The true star of this performance, however, was Emily Capece as Donna.
Most people are going to know the film version of the musical, but instead of following Meryl Streep’s take on the character in the 2008 film, Capece portrayed Donna as a more spunky, tongue-in-cheek character rather than a windswept hippie on an island.
It made the show jauntier and more fun than the movie — what I would call an improvement.
The men were a lot of fun to watch, too.
The audience erupted into laughter during the scene before the bachelor party for Sophie’s love-interest Sky (played by Trey Harris). Roaring onto the stage, the men performed some sort of can-can dance. It was the perfect accompaniment to “Lay All Your Love on Me.”

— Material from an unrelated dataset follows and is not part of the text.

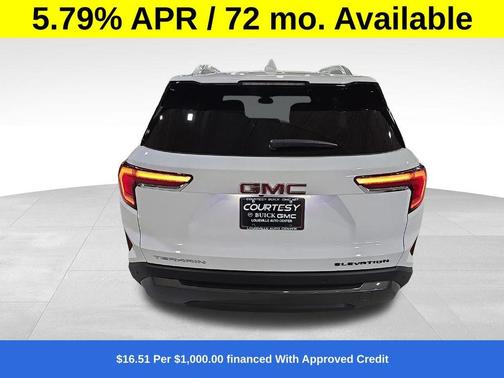 2026 GMC Terrain Elevation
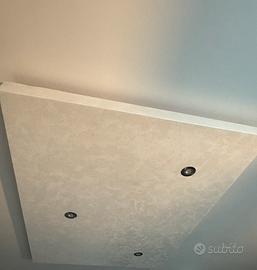 Lampadaio in cartongesso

Making his debut with the guild, Michael Jarrouj, the owner of the Olive Tree in South Charleston appeared as Father Alexandrios, a Greek Orthodox priest who officiates a wedding. (Fun fact: Not only does Jarrouj play an Orthodox priest, but in real life he’s a sub-deacon at St. George Orthodox Cathedral in Charleston.)
The most impactful scene of the musical was Capece performing “One Of Us.” Through her powerful voice, she picked up the audience and carried us to a place of high emotion. She brought the house down.
“Mamma Mia!” was another fantastic performance at the Clay Center. Performances are scheduled for Sunday and Jan. 27 at 2 p.m., and on Jan. 25 and 26 at 7:30 p.m.